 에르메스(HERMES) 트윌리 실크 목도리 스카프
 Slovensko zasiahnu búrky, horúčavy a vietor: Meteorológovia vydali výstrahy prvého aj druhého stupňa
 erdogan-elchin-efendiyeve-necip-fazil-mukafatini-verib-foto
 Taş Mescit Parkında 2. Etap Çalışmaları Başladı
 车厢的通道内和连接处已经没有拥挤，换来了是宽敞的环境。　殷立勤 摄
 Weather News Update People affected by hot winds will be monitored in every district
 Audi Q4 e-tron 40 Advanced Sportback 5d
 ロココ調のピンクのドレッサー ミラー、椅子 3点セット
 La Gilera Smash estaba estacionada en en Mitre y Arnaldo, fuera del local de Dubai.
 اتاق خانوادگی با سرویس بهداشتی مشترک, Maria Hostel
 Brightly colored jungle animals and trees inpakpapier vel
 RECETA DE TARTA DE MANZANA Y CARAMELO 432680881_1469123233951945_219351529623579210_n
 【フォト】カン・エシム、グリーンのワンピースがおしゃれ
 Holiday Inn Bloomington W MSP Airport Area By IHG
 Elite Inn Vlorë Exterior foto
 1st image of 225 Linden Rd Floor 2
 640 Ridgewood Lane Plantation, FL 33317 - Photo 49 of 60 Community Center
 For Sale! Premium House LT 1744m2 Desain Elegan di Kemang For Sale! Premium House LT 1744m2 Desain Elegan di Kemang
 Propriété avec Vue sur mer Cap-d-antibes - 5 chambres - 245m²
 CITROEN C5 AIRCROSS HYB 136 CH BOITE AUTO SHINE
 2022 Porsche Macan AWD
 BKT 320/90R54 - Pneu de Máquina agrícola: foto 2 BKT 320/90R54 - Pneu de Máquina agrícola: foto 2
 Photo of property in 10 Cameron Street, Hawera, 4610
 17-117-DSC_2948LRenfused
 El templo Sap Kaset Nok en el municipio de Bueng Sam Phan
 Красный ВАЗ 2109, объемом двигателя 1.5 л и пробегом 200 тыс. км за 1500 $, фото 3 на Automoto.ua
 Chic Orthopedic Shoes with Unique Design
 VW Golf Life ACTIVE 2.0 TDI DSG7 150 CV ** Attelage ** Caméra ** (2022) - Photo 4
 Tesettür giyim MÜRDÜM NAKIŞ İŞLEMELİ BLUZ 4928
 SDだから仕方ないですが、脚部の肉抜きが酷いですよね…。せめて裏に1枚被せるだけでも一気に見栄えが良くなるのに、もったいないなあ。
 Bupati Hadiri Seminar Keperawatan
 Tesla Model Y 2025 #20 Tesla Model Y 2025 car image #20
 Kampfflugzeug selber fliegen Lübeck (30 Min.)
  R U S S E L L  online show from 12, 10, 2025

____

§ WHAT THE TASK REQUIRES: Your reply must consist solely of the number of lines in the data that contain the word "Photo".

§ EXERCISE OUTPUT: 3